(THE FEAST, 93 mins, Piccadilly Circus, Corner of Great Windmill Street and, Shaftesbury Ave, London W1D 7DH, United Kingdom, Release Date :19 Aug 2022 Certificate: 18
Director: Lee Haven Jones
Starring: Julian Lewis Jones, Lisa Palfrey, Anne Elwy, Nia Roberts, Steffan Cennydd, Sion Alun Davies, Rhodri Meilir)
"The Feast"
A family gathers at their lavish contemporary home made of glass and steel in the Welsh mountains. They've little idea of what awaits them. The matriarch is hosting a dinner party with her politician husband on behalf of a businessman hoping to buy land in the area for mineral mining. Hosted at their luxurious new house, the family have a valuable mining venture at stake and the atmosphere is tense. Unbeknown to them the owners of a neighboring farm are the only other guests and will be charmed into selling parcels of their farmland. The family’s two adult sons are reluctant dinner party guests. One is a London hipster struggling with addiction issues and the other is a doctor training for an ironman event.

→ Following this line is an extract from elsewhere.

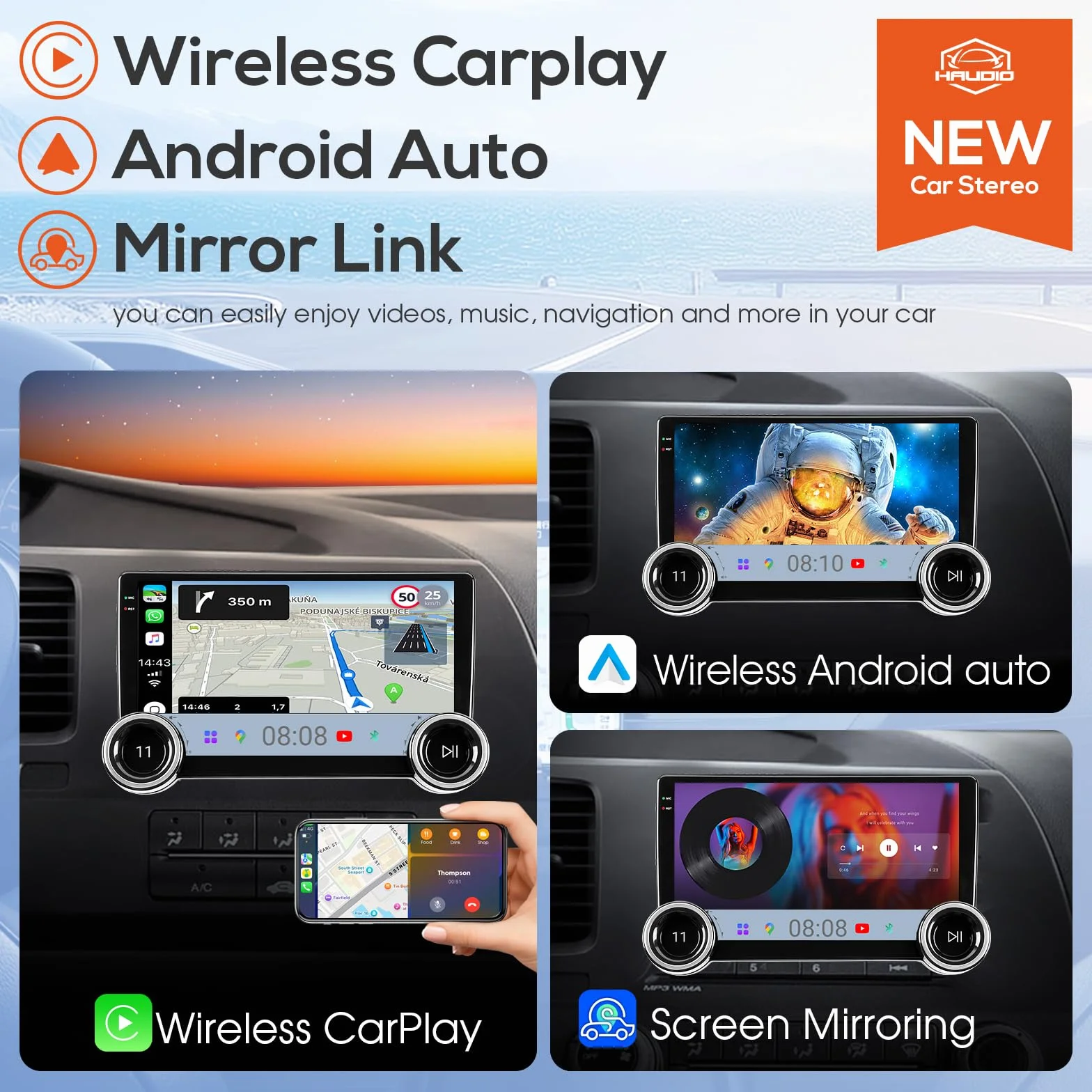 Haudio 10,1-calowy odtwarzacz samochodowy z bezprzewodowym CarPlay i Android Auto, 2 DIN radio samochodowe Bluetooth z kamerą cofania, połączenie lustrzane, asystent głosowy, AM/RDS/FM, pasuje do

The family’s values and beliefs are challenged by the arrival of the young woman they've hired to act as waitress for the evening. She brings a quiet, unsettling presence to the evening. Her presence forces the characters to face their shortcomings and question their relationship with the land they claim to belong to. And as the night progresses, she soon begins to challenge the family’s beliefs, unravelling the illusion they’ve created with slow, deliberate, and terrifying consequences. Cadi’s (Annes Elwy) influence grows in strength and the family’s behavior becomes increasingly extreme until they face the horror of what they represent and tragedy changes everything forever.
On the face of it "The Feast" is a supernatural revenge horror that delivers all the thrills and spills that audiences expect of a genre film, the relentless slow burn of intrigue and suspense, the blood and gore. But as a cinematic piece it also functions on the level of parable. An allegory of sorts, it's a contemporary morality tale about the importance of being true to yourself and your community, and offers a stark warning against the consequences of greed and avarice. Rooted in the potent mythical tales of Wales where women are made of flowers and transform into animals, the film is singularly Welsh in tone but also universal in theme. Elucidating what Camille Paglia would refer to as the age-old battle between Culture and Nature, the film charts the struggle between those values that give structure and form to the world that Glenda (Nia Roberts) and Gwyn (Julian Lewis Jones) nhabit, society, wealth, progress, and the indiscriminate forces of nature as embodied by Cadi that challenge this world order. Moreover, thematically the film is preoccupied with the increasingly urgent issue of environmental sustainability, exploring how humankind exploits the land and abuses the earth. An environmental horror film with an eye to the ticking-clock of climate crisis.
"The Feast's" horrifying, blood-soaked conclusion suggests that our fragile planet will sooner or later take revenge on humanity for the devastation we have caused. A meditation on family and history, greed and responsibility, identity and difference, the film intends to offer the viewer an intravenous injection of mood. Bringing together forensic performances, searing cinematography, a spine-tingling score and environmental politics. "The Feast" is a striking addition to the horror genre and a compelling piece of work that aims to blister the imagination and prick the conscience. Considering the film in it's context as a contemporary Welsh-language film, it also becomes a tale of the individual’s responsibility to tradition, history and a language that exists against the odds despite sharing a land border with England whose language has colonised large swathes of the world. Many who are unfamiliar with Wales will be unaware of the language’s existence but to those who know of the fragile cultural and linguistic ecosystem that exists in our small nation the film speaks keenly of the individual’s responsibility to sustaining a culture and language in the age of globalisation.